Giampiero Raganelli

rosso cenereUn ritorno a “Stromboli”, inteso sia come l'isola sia come l'omonimo film di Rossellini del 1950. Una terra estrema, un territorio roccioso, impervio, dalla vegetazione rada, dove la parte antropizzata è il risultato dell'operosità secolare dei suoi abitanti (che nel film era evidente nella scena della tonnara), che sono riusciti a ritagliarsi una porzione vivibile, lottando e imparando a convivere con la forza imperiosa della natura.
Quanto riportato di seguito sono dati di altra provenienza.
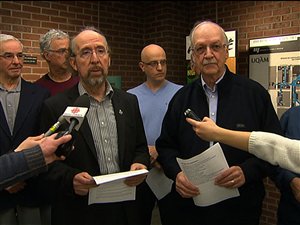 Gérald Larose et Robert Burns, en avant-plan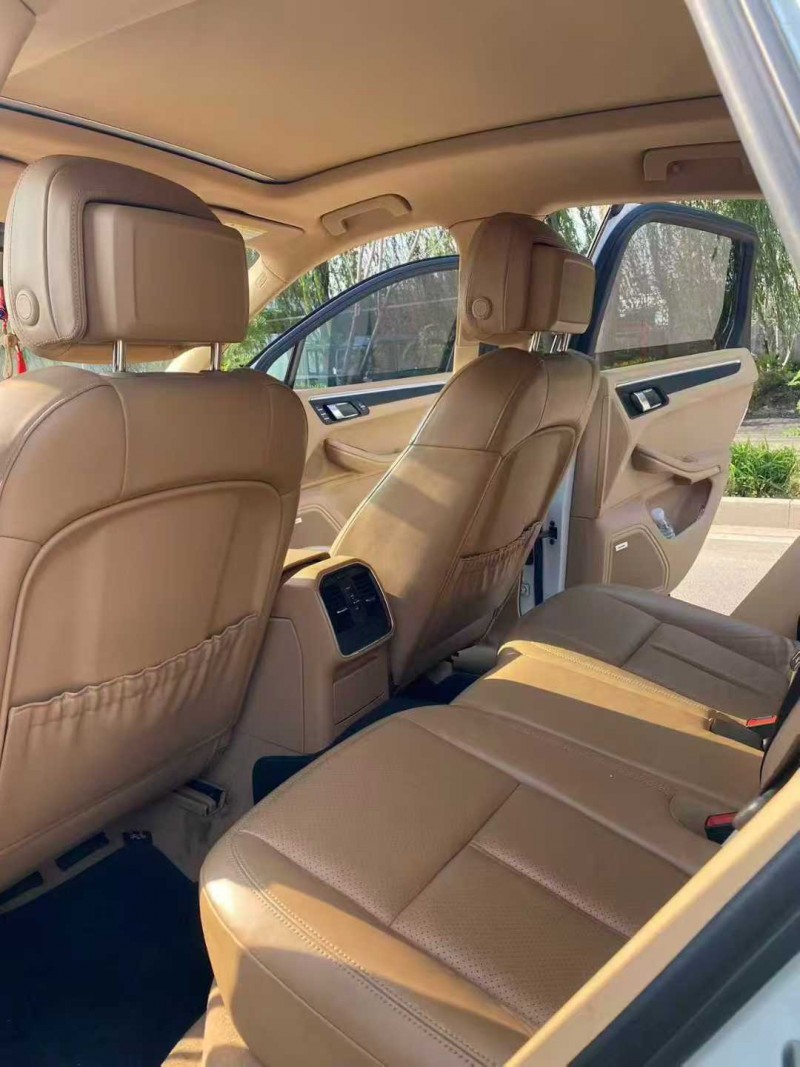济宁15年保时捷Macan4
Una natura rappresentata dall'imponenza del vulcano, dai suoi lapilli e dal fumo, che sgorgano costantemente, e dalle sue periodiche eruzioni. Un paesaggio verticale, aspro e desolato, reso da Rossellini nella celebre scena della fuga di Karin-Ingrid Bergman a Ginostra, nell'altro estremo dell'isola. Una dimensione insulare, una condizione geografica di isolamento, che per Karin assumeva un senso di prigionia, anche in senso darwiniano (nel film si sottolinea come nell'isola vivano due specie di lucertola uniche al mondo) che ha portato allo sviluppo di una natura e una cultura, tra loro in simbiosi, peculiari. E un paesaggio antropico mediterraneo, fatto di casette bianche circondate da cactus e fichi d'India, dove le capre pascolano libere, dove le ginestre virano il paesaggio di giallo quando sono fiorite. E tornare a Stromboli oggi, sessant'anni dopo Rossellini, significa trovare un paesaggio naturale ormai ferito dai transatlatici che solcano il mare.
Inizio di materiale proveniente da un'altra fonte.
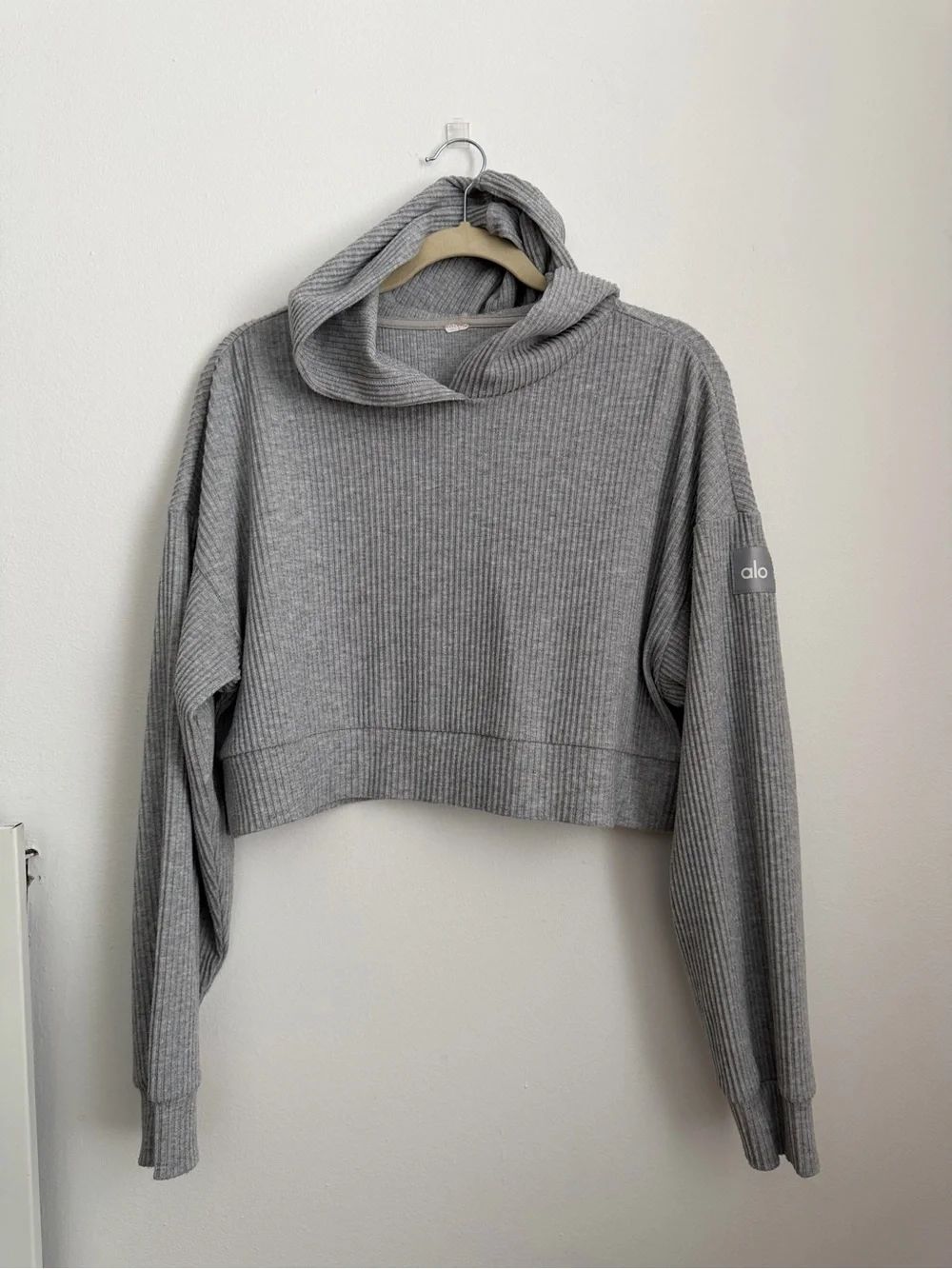 Alo Muse Hoodie in Athletic Heather Grey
In un momento dominato dalla piattezza dei documentari sul cinema, realizzati per riempire gli extra di dvd e blu-ray, Augusto Contento e Adriano Aprà vanno ben oltre, alla ricerca di quello che Rossellini ha trovato e riportato dell'isola di Stromboli e di ciò che il film ha lasciato sull'isola, dei testimoni che hanno vissuto la lavorazione del film. Come l'anziano isolano che pianta alberi, in un territorio dove non crescono spontaneamente, pensando alle generazioni future che, solo loro, potranno vederli cresciuti e imponenti, così Rossellini ha piantato qualcosa sull'isola, di cui ancora si possono cogliere i frutti. Qualcuno degli intervistati sottolinea infatti come l'uscita del film abbia rappresentato l'inizio della notorietà dell'isola. E le storie dei personaggi odierni, colte nel film, di unioni e matrimoni tra isolani e stranieri (la guida ha addirittura una moglie australiana), sembrano ripercorrere quella di Karin, profuga lituana che ha sposato l'isolano Antonio. La storia si perpetua in una convivenza che comporta il capire la cultura e le abitudini degli isolani, come spiega la ragazza siciliana che vi ha trovato lavoro come receptionist. Un contrasto tra progresso e tradizione, tra natura e cultura che ancora permane nell'isola.

Gli autori del film fanno uso di materiali video di repertorio, frammisti alle immagini girate ora, ex novo: naturalmente quelle del film di Rossellini, ma anche quelle dai documentari di Vittorio De Seta nelle Eolie e gli home movie realizzati dalla stessa Bergman durante la lavorazione del film. Così la scena, per esempio, del furetto che azzanna il coniglietto, che inorridisce Karin, simbolo della violenza della natura, ma in questo caso di una natura imbrigliata e scatenata dall'uomo, è vista prima come nel film e poi nel suo making off. Rosso cenere è così un flusso di immagini di definizione e formati diversi. Dal bianco e nero del film del 1950, alla sgranatura e ai colori scialbi dei filmini della Bergman, ai colori pastello di De Seta, all'alta definizione delle riprese in digitale, dallo scope all'1:33, al leggero effetto fuori quadro, un errore squisitamente da pellicola, dei filmati della Bergman. Da un lato si tratta di un rigore anche questo raro al giorno d'oggi dove il formato verrebbe omologato anche a costo di deformare il quadro, ma dall'altro lato una stratificazione di immagini e di cinemi.